____ DATA BLOCK

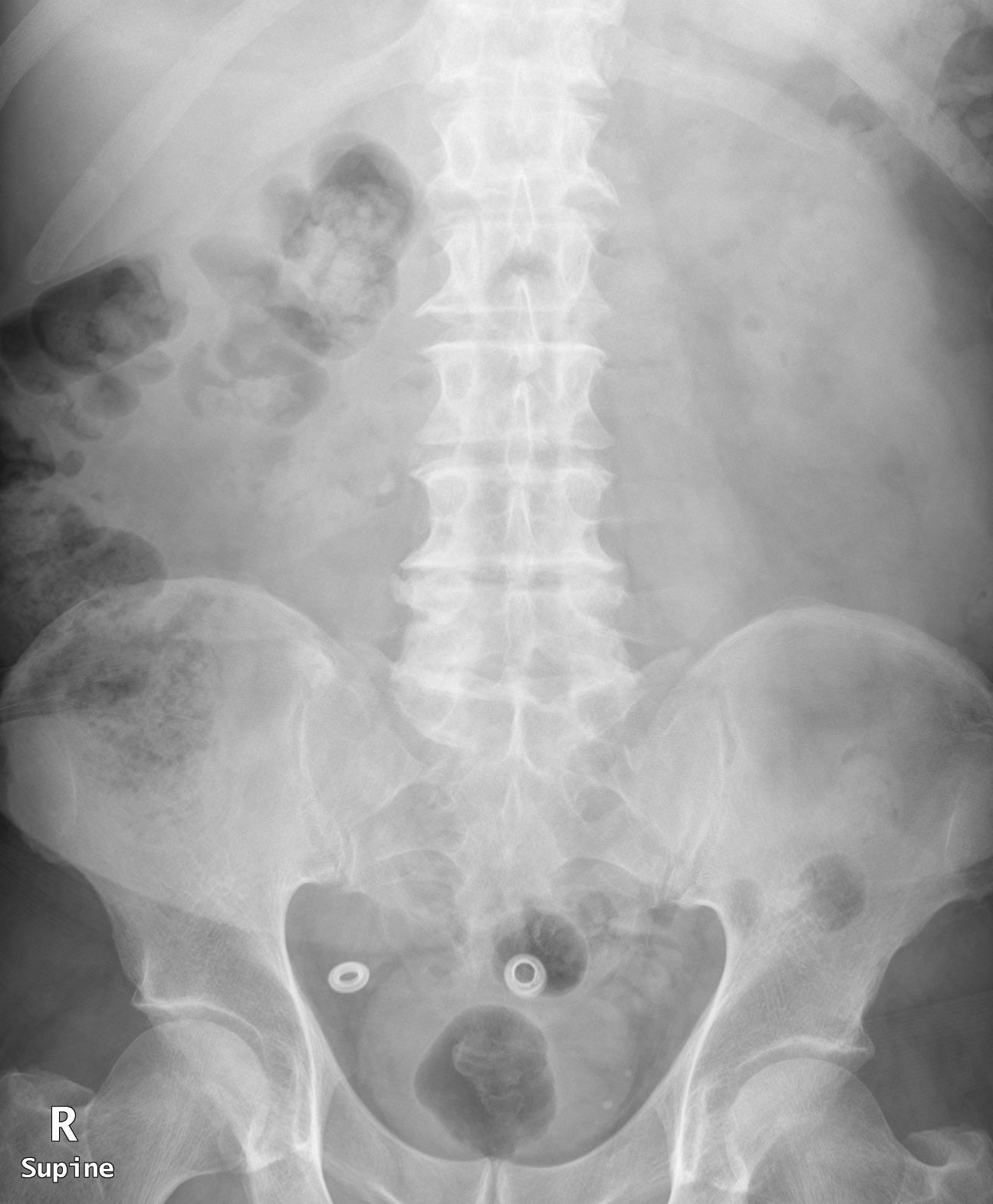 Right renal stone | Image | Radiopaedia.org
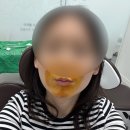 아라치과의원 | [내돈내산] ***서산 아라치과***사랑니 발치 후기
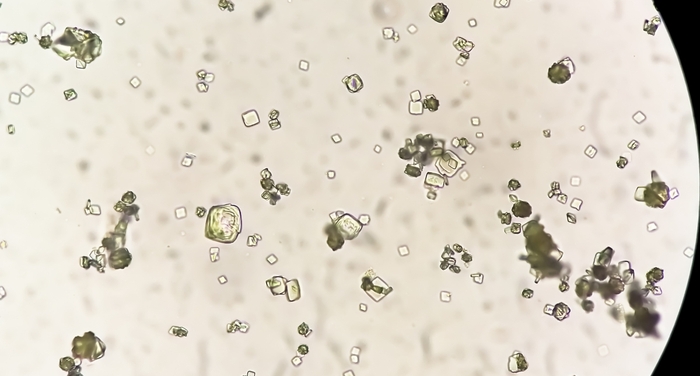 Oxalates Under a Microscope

________

→ **EXERCISE**
The whole listing above is to be printed again exactly; pictures stay out of it.

→ **TASK OUTPUT**
 Right renal stone | Image | Radiopaedia.org
 아라치과의원 | [내돈내산] ***서산 아라치과***사랑니 발치 후기
 Oxalates Under a Microscope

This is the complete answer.